While this was happening, and in between fits of laughter, everything else had gone pear-shaped. The port engine had been disabled, my forward gunner had been knocked out, the ships hull had been breached so oxygen was dropping at a rapid rate. My engineer dropped the fire extinguisher as he floated over to get a heal kit, managing to revive the captain who had suffocated. The fire flared up again, other crew members slowly died and then the ship blew up in my face. Epic fail! Back at the home base and in the mess hall, you can see a news bulletin scrolling across the screen that the whole crew had been wiped out on their last mission – RIP.
As you complete missions, providing you don’t explode like a number of my attempts, you earn research points that unlock equipment for the crew and the ship as well as earning coins to buy said equipment upgrades. Your crew members will gain experience and learn new skills at different level intervals, but ultimately if they die, they’re gone. Thankfully though any gear items you’ve unlocked can be used in future crews. I recruited a new crew, outfitted them and my ship in items I had acquired in previous missions, painted my ship and renamed it “The Chum Bucket MK II” and set off on my next adventure.
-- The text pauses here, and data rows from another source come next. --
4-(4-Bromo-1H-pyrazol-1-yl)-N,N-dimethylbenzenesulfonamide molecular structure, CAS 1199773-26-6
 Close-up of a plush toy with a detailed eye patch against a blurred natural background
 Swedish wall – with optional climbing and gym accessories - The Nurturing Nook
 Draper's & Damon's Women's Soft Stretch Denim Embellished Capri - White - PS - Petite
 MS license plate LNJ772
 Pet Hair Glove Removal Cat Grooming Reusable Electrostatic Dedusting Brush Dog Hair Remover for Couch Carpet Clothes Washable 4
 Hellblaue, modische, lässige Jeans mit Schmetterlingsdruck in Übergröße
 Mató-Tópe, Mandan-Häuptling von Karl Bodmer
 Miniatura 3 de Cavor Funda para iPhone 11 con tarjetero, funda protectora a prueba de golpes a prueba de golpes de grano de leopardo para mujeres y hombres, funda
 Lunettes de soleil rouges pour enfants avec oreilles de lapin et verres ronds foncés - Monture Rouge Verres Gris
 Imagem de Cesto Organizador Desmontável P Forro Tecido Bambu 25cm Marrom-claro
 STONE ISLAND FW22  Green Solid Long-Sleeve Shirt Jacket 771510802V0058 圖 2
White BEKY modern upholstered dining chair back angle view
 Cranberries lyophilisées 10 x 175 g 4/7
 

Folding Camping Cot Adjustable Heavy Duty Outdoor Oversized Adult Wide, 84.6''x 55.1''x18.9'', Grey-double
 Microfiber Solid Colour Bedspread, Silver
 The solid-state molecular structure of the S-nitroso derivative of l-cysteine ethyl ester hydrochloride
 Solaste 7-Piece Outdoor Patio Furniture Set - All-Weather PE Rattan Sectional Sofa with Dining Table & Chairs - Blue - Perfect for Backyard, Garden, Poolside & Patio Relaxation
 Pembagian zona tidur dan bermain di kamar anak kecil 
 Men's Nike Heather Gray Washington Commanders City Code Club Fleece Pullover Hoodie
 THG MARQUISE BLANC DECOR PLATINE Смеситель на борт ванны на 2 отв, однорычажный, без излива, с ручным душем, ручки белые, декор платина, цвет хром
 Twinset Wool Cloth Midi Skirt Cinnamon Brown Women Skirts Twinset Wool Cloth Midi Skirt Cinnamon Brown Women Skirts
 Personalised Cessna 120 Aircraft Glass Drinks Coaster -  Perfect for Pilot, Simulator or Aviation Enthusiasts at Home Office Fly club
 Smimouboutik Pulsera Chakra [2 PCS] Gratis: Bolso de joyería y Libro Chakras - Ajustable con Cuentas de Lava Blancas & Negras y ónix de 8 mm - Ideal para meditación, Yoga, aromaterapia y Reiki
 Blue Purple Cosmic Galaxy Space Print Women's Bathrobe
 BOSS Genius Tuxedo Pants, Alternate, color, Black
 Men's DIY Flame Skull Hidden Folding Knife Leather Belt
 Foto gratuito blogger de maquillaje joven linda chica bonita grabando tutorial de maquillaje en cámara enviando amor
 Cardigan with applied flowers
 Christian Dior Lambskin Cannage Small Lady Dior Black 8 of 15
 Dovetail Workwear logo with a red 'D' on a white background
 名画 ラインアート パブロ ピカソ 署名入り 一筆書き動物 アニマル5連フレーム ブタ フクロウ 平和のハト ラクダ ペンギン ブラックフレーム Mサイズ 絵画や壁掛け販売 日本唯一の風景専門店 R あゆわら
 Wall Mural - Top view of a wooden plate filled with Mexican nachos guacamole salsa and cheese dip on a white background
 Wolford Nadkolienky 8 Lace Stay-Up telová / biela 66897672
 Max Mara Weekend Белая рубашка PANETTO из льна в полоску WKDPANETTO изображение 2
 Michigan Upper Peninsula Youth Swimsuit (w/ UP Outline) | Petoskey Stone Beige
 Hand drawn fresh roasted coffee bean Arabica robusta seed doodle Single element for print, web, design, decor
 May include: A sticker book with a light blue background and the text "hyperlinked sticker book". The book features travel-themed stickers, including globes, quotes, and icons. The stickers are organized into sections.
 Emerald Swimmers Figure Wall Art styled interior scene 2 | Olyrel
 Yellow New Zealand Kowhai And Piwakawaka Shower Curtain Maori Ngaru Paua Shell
There are times where I had to do multiple missions to save enough credits to purchase much-needed upgrades on the ship which made a good difference in my ability to take on harder missions. There is repetition evident in the structure of missions, but they’re always challenging in different ways and you’re always offered a ‘fastest route’ and a ‘safest route’. Sometimes the safest route felt just as hard as the fastest route, but more often than not the fastest route has the higher risk involved. Management of each situation in each mission is always dynamic enough that it doesn’t end up feeling too grindy, but it does start to repeat the general gameplay loop. The missions are over quick enough that if it does feel to much of the same, just shut it down and play more later or the next day.
Space Crew is fantastic and insanely good fun, but also can be quite punishing. Whilst some of the missions were challenging, it drove you to do better each time, and with missions that only last about 15-20 minutes, it’s a great game to play in short bursts. Gameplay is super smooth with excellent sounds and space visuals, particularly in missions with asteroid fields. One day I would love to see a game in this series feature co-op multiplayer, even if it was limited to two players controlling three crew members each. I think it’d be even more fun and a bit easier to manager three crew versus six, and then mission difficulty scaled accordingly. One can hope.
This review utilised a Steam key provided by Renaissance PR UK. Space Crew is available now on Steam, Xbox, PlayStation and Nintendo Switch.